Your Child's Brain in Week 75
These days, it's clear that that your little one can tell what you were meaning to do even if, well, it didn't quite work out as you'd planned. (Review that lesson from two weeks ago.)
Indeed, by 18 months, toddlers can pick up information even from the failed attempts of humans. But what if your young child sees a machine fumble and goof? Will she imitate and correct the missed efforts of a mechanical device, too?
What the Research Shows
Researchers built a machine that didn't quite look human but mimicked the movements of the person performing tasks in the experiment described in Week 74. To imitate a human attempting to pull the ends off a wooden dumbbell, the device had pincers that grasped the dumbbell on each end, just as the researcher's hands had, and pulled outward. The pincers then slipped off one end—just as the human hands had done. Similarly, another mechanical device attempted (without success) to hang a necklace over a wooden cylinder, and a third tried to put a tool in a box to push a button to activate a buzzer, but missed, not activating the buzzer inside.

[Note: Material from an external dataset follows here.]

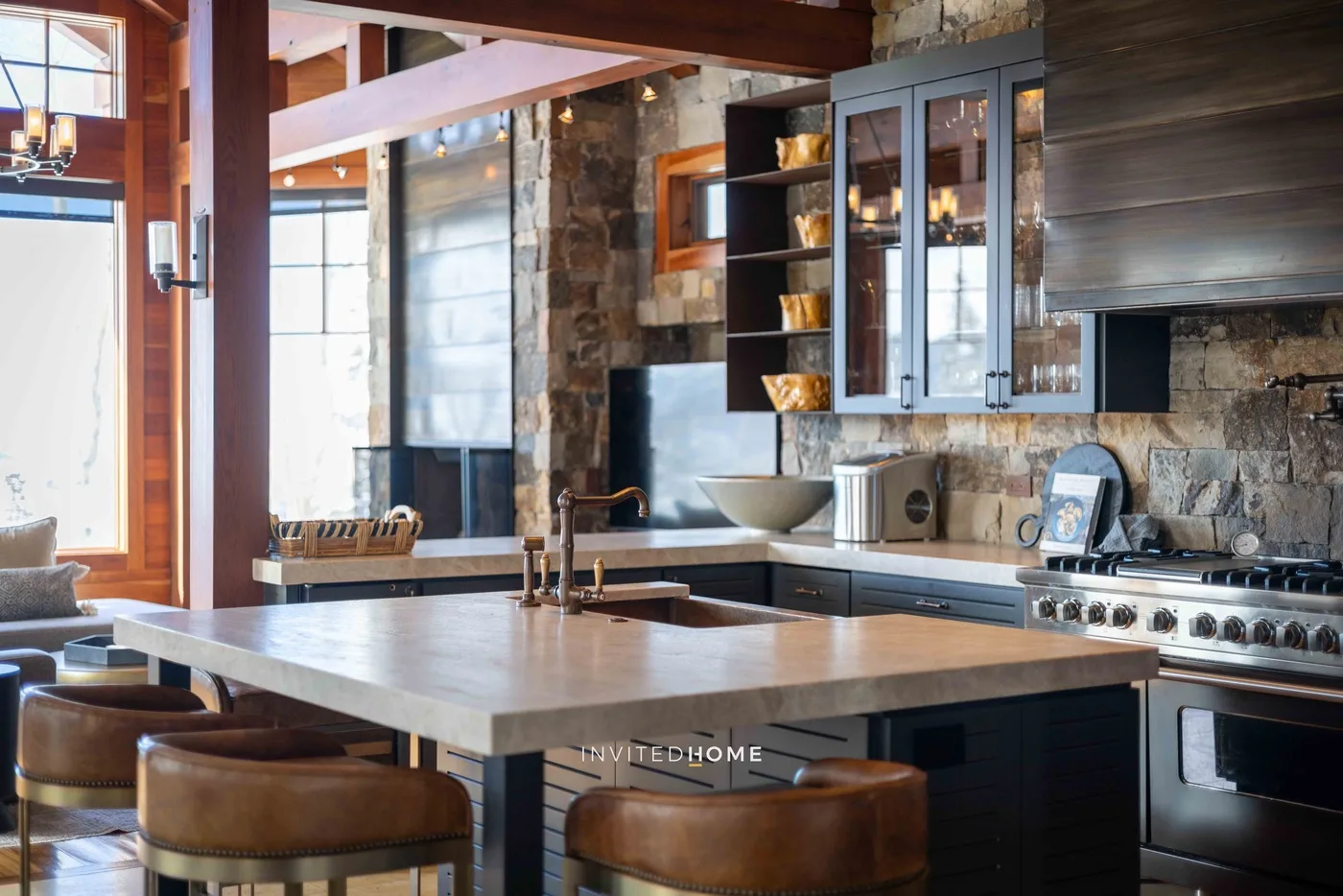 A kitchen with a large island, bar seating, and stone walls.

The toddlers who watched the mechanical devices were as riveted by the activities as the group that had watched the person had been. But the groups differed significantly in their tendency to mimic what they saw: Children who watched the human's failed attempts were much more likely to reproduce the correct behaviors—they successfully pulled the ends off the wooden dumbbell, hung the necklace over the cylinder, and pushed the button to sound the buzzer.
But the children who watched the mechanical attempts fail found it difficult or just uninteresting to imitate what the machines they had seen were attempting to do. It's as if they identified with the people but not with the mechanical devices. The findings provide evidence that 18-month-olds definitely distinguish the abilities—and moreover, the intentions!—of people versus things.